While compiling information for the post, we ran into a snag. Through research, we found conflicting dates as to when the hole-in-one actually occurred. Some publications referenced the 1868 Open Championship at Prestwick (including the World Golf Hall of Fame website), while others had it as the 1869 Open, also at Prestwick.
Looking to get to the bottom of whether this achievement was 148 years old or JUST 147 years old, we put in an inquiry to the fine folks at Prestwick in Scotland, hoping we could clear it up.
It took a few days before our inquiry made it to the proper person, but we're happy to report we nailed down the date. The Young Tom Morris ace happened on the 166-yard, par-3, eighth hole -- the "Station Hole" -- on Prestwick's original 12-hole course in the first round of the Open Championship, played on Sept. 16, 1869.
Ken Goodwin, Secretary of Prestwick, was kind enough to provide a photo of the scorecard from that day:
Interestingly, if you look in the top-right corner, you'll see that the original year -- 1869 -- is crossed out and "1868" was written in. There's an explanation for that, Goodwin told us.
"For a long time there was a lot of confusion about which year Young Tom had a hole-in-one in the Open with various publications giving conflicting dates," Goodwin wrote in an email. "There was even some confusion at the Club in the 1930s when the scorecards were collated with the 1869 date being changed to 1868, but the newspaper report from the local press in 1869 definitely confirms that 1869 was the correct year."

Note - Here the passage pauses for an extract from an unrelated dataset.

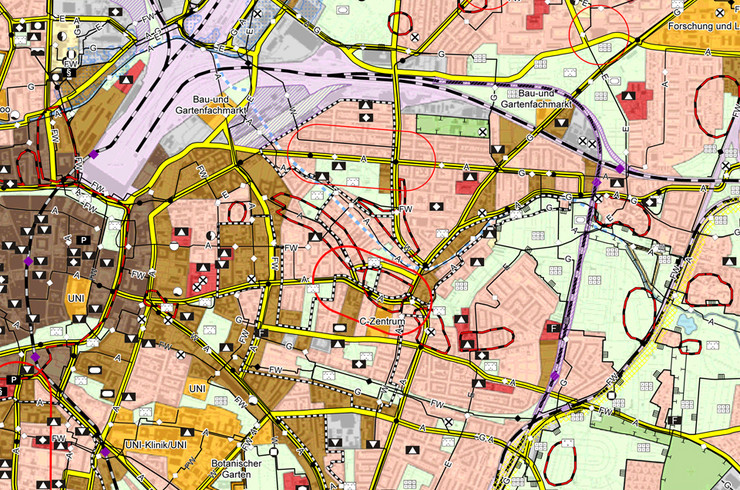 Ausschitt aus dem Entwurf des Flächennutzungsplans der Stadt Leipzig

If there's one thing we know -- and love -- about Scottish links courses, it's that typically not a whole lot has changed on them in the last 100+ years, with the exception of extending from the original 12 holes to 18 holes.
So, we wondered, could any one of us take a crack at that same par-3 hole today where Morris made his ace? As it turns out, the answer is "no."
"The Prestwick course was extended to 18 holes in 1882," Goodwin said, "only three of the original holes were retained and the old eighth hole was removed, so no longer exists."
Young Tom Morris, 18 years old at the time, would go on to win that Open Championship at Prestwick -- the 10th played -- by nine shots over runner-up Bob Kirk. Young Tom's father, Old Tom Morris, finished in sixth-place, 23 shots behind his son. The field consisted of just 14 players.
It was the second of four consecutive Open Championship wins for Young Tom Morris (he won in 1868, '69, '70 and '72 -- the tournament was not played in 1871). A year earlier, he became the youngest champion in tournament history at age 17 -- a record that stands to this day.
So, there you have it. To set the record straight, the Young Tom Morris hole-in-one -- the first known ace in the game's history -- happened on Sept. 16, 1869.